■ **Supplied records**:
-------
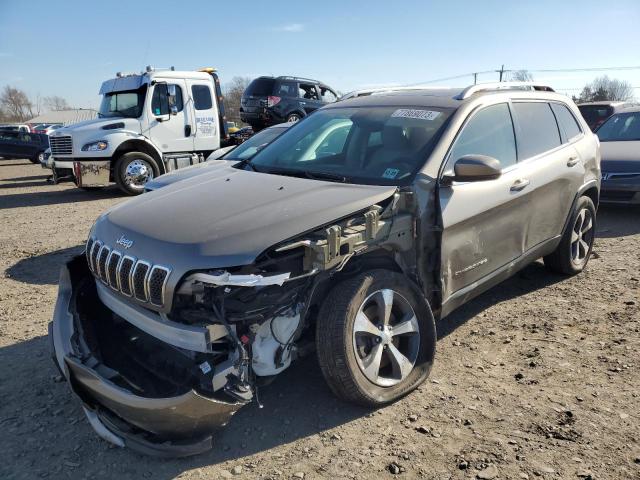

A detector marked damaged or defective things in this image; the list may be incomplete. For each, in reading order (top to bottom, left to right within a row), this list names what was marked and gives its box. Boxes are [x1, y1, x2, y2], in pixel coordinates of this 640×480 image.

broken front bumper [50, 255, 242, 458]
crumpled hood [94, 162, 396, 280]
damaged silver suv [48, 80, 600, 456]
crumpled hood [600, 141, 640, 172]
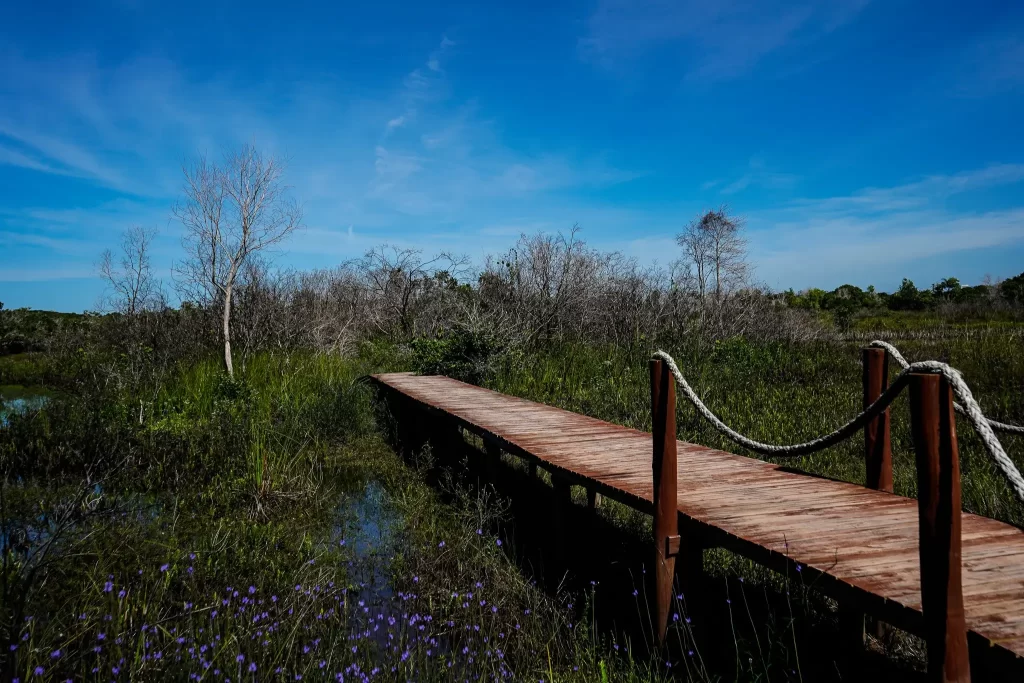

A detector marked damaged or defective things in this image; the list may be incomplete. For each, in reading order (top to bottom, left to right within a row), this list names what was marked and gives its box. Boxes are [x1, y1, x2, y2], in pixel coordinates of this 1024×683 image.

rusty metal post [652, 358, 676, 648]
rusty metal post [864, 348, 888, 492]
rusty metal post [912, 374, 968, 683]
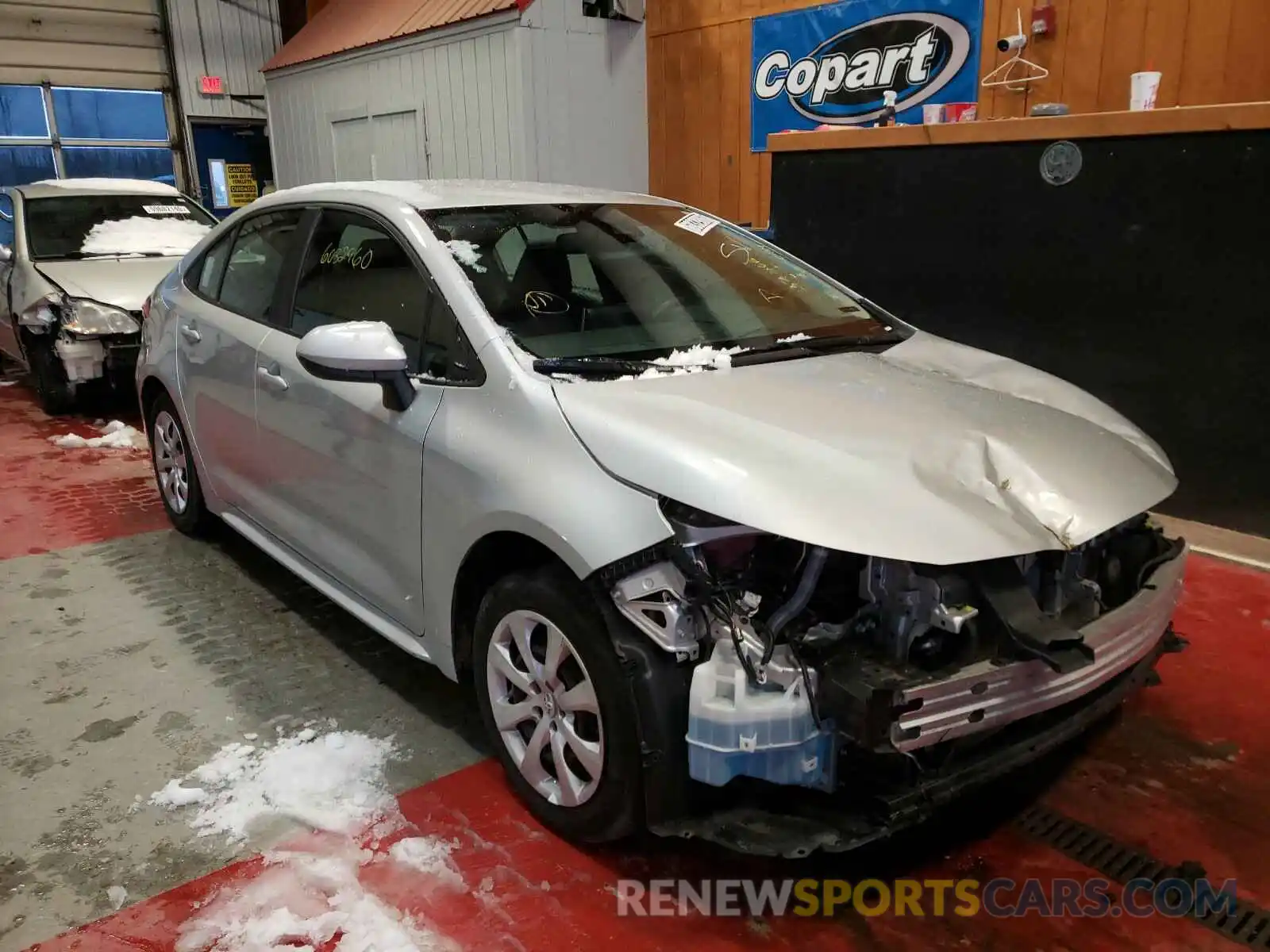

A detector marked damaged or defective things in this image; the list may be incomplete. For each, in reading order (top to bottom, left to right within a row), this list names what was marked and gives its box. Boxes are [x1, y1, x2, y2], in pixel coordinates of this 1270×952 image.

damaged front end of car [19, 294, 142, 390]
crumpled hood [35, 257, 179, 309]
white damaged car [0, 178, 216, 413]
white damaged car [139, 180, 1188, 858]
crumpled hood [556, 332, 1178, 566]
damaged front end of car [599, 502, 1183, 863]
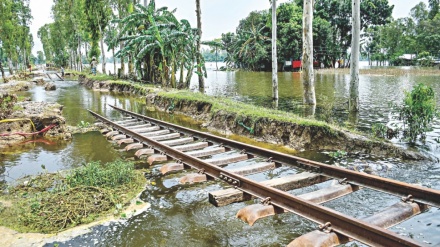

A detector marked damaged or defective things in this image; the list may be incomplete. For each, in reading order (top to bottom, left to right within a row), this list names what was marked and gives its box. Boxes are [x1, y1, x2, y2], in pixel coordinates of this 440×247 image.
-------
■ **What you are asked to do**: The lines to return run from the line containing "this 1024×683 image." through the last line of the records. Give them exactly, omitting pictures.

■ **Answer to this exercise**:
A detector marked damaged or defective things in this image; the list may be incomplete. For each, in reading order (top to bottom, left to right within a row), this list names what was marked and gives its box. Boxes are [x1, y1, x2, y2], in pixel coordinates of this 1024×683 image.

rusty metal post [652, 358, 676, 648]
rusty metal post [864, 348, 888, 492]
rusty metal post [912, 374, 968, 683]

A detector marked damaged or defective things in this image; the list may be incomplete. For each, in reading order (top to bottom, left to right within a row), this list names what was marked and gives its box. Boxes are [x1, y1, x2, y2], in pixel coordinates of this 1270×952 image.

damaged front end of car [19, 294, 142, 390]
crumpled hood [35, 257, 179, 309]
white damaged car [0, 178, 216, 413]
white damaged car [139, 180, 1188, 858]
crumpled hood [556, 332, 1178, 566]
damaged front end of car [599, 502, 1183, 863]

A detector marked damaged or defective things in this image; the list may be incomplete. For each, in reading order (top to bottom, left to right within a row), this list names what was marked and gives its box. Boxes are [x1, y1, x2, y2], in pixel coordinates of this 440×247 image.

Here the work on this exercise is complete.